• _EXERCISE_: What's needed is an exact copy of the lines from the one that contains "A. The graph" to the end of the data below, leaving the pictures out.

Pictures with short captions
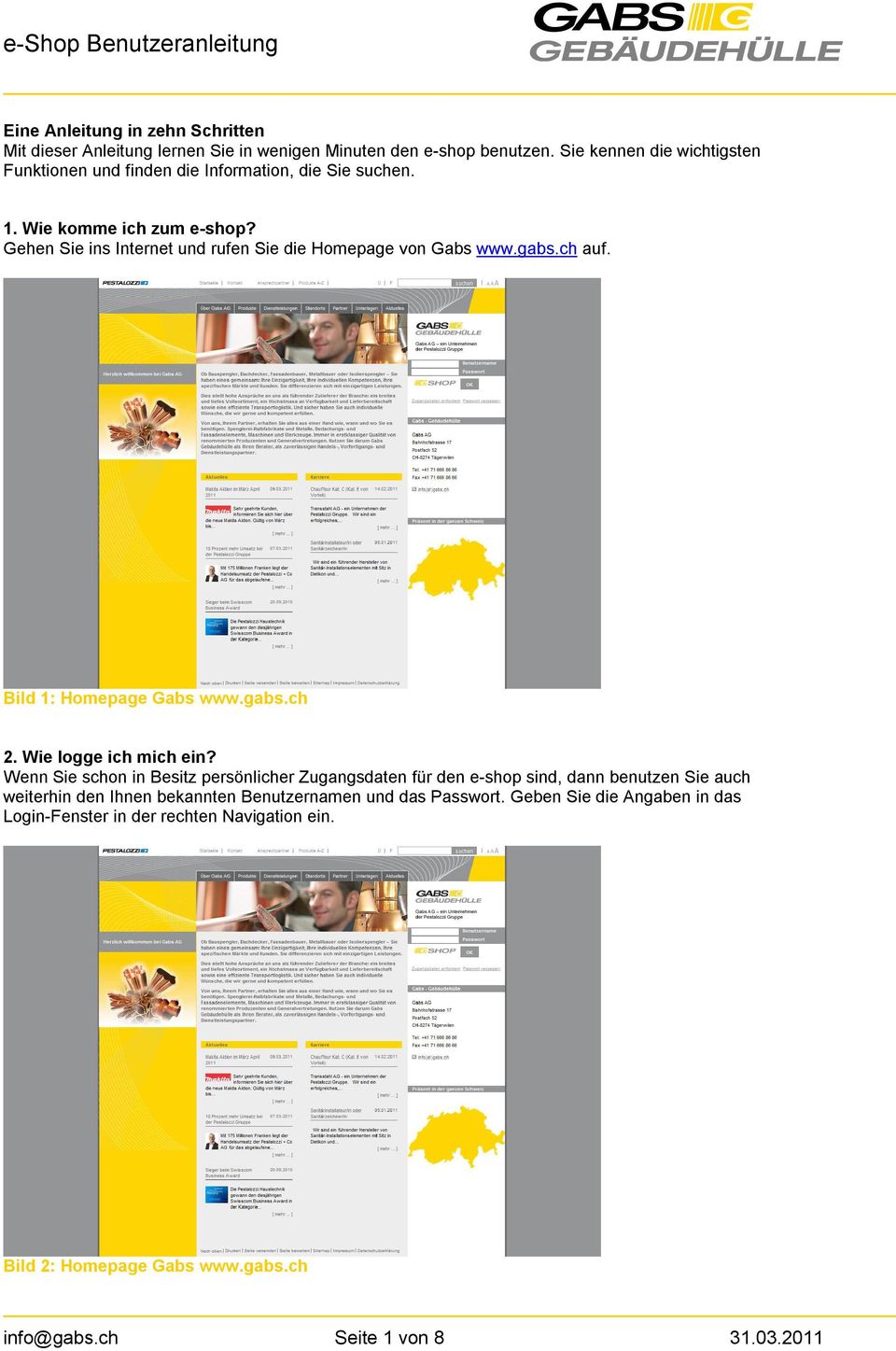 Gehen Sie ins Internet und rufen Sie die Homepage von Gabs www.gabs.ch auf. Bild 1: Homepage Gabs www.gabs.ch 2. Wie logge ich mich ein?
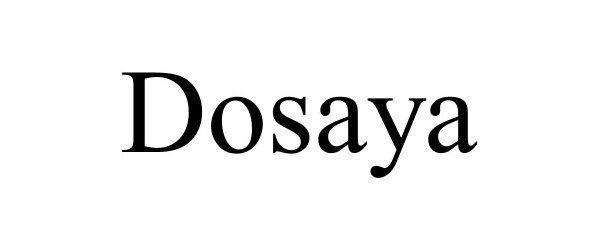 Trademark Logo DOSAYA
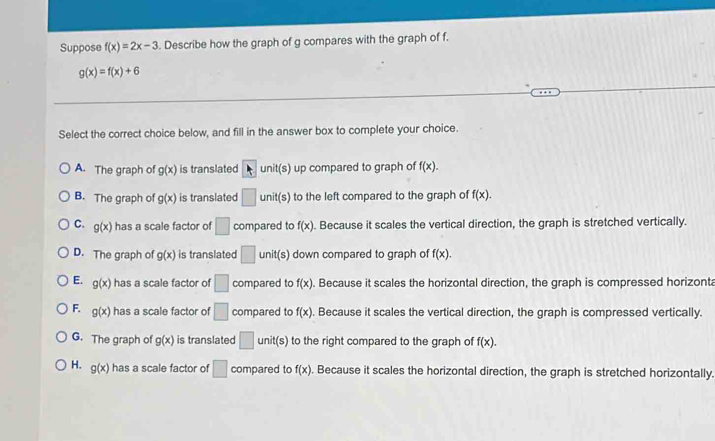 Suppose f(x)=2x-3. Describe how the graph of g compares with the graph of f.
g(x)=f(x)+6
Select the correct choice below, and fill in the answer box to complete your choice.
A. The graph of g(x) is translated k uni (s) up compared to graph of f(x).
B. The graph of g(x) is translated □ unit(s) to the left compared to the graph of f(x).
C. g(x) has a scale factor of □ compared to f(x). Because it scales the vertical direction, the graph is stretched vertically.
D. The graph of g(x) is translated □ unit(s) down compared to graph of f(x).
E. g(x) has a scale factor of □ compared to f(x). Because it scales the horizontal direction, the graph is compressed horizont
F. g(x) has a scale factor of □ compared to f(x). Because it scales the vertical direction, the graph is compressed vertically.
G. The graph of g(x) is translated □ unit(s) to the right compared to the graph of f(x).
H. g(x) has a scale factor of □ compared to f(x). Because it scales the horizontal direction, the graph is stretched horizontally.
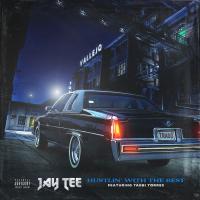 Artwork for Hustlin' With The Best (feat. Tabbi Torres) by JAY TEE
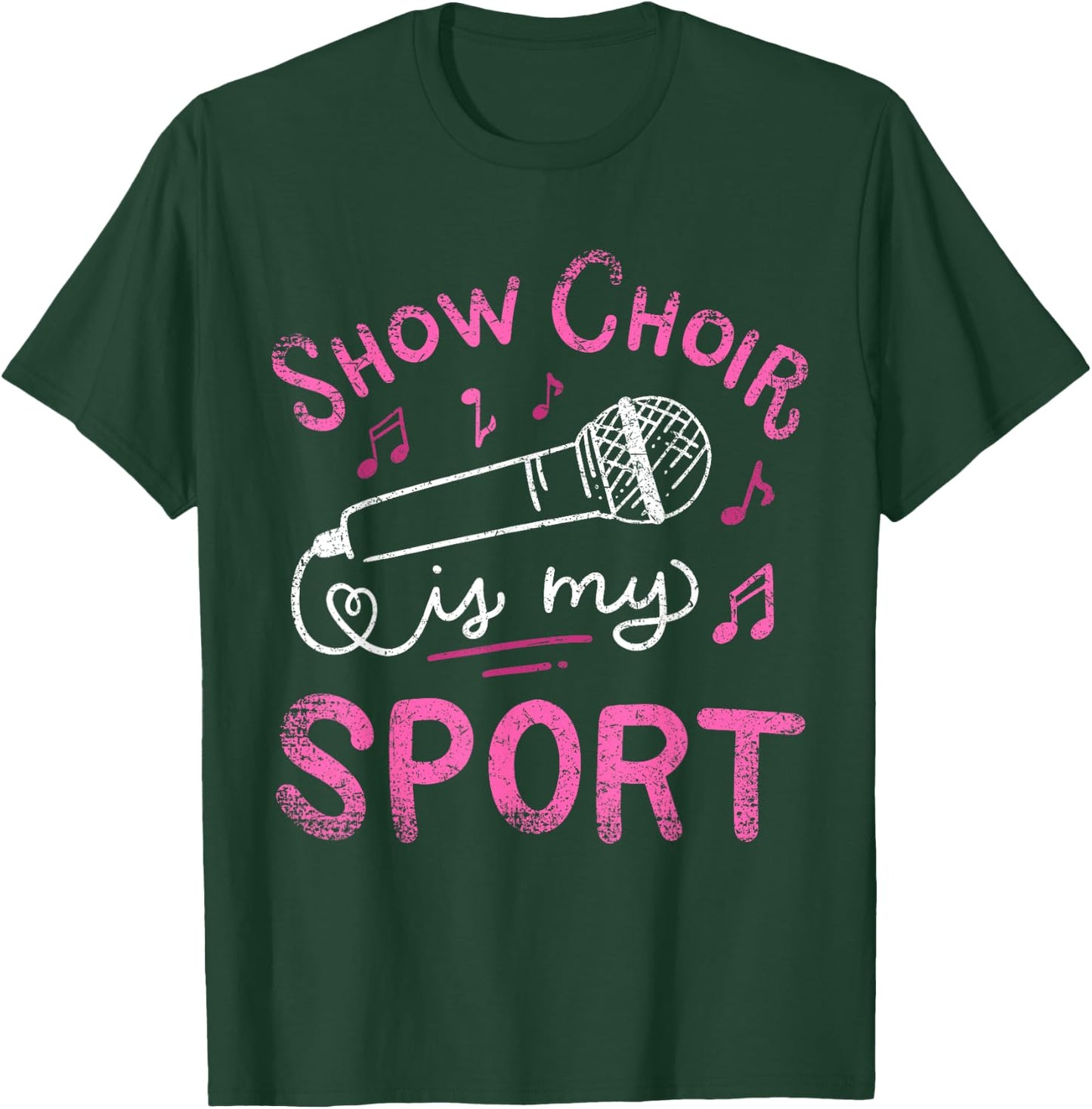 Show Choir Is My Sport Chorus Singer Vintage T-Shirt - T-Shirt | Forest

• _SOLUTION_:
A. The graph of g(x) is translated k uni (s) up compared to graph of f(x).
B. The graph of g(x) is translated □ unit(s) to the left compared to the graph of f(x).
C. g(x) has a scale factor of □ compared to f(x). Because it scales the vertical direction, the graph is stretched vertically.
D. The graph of g(x) is translated □ unit(s) down compared to graph of f(x).
E. g(x) has a scale factor of □ compared to f(x). Because it scales the horizontal direction, the graph is compressed horizont
F. g(x) has a scale factor of □ compared to f(x). Because it scales the vertical direction, the graph is compressed vertically.
G. The graph of g(x) is translated □ unit(s) to the right compared to the graph of f(x).
H. g(x) has a scale factor of □ compared to f(x). Because it scales the horizontal direction, the graph is stretched horizontally.
 Artwork for Hustlin' With The Best (feat. Tabbi Torres) by JAY TEE
 Show Choir Is My Sport Chorus Singer Vintage T-Shirt - T-Shirt | Forest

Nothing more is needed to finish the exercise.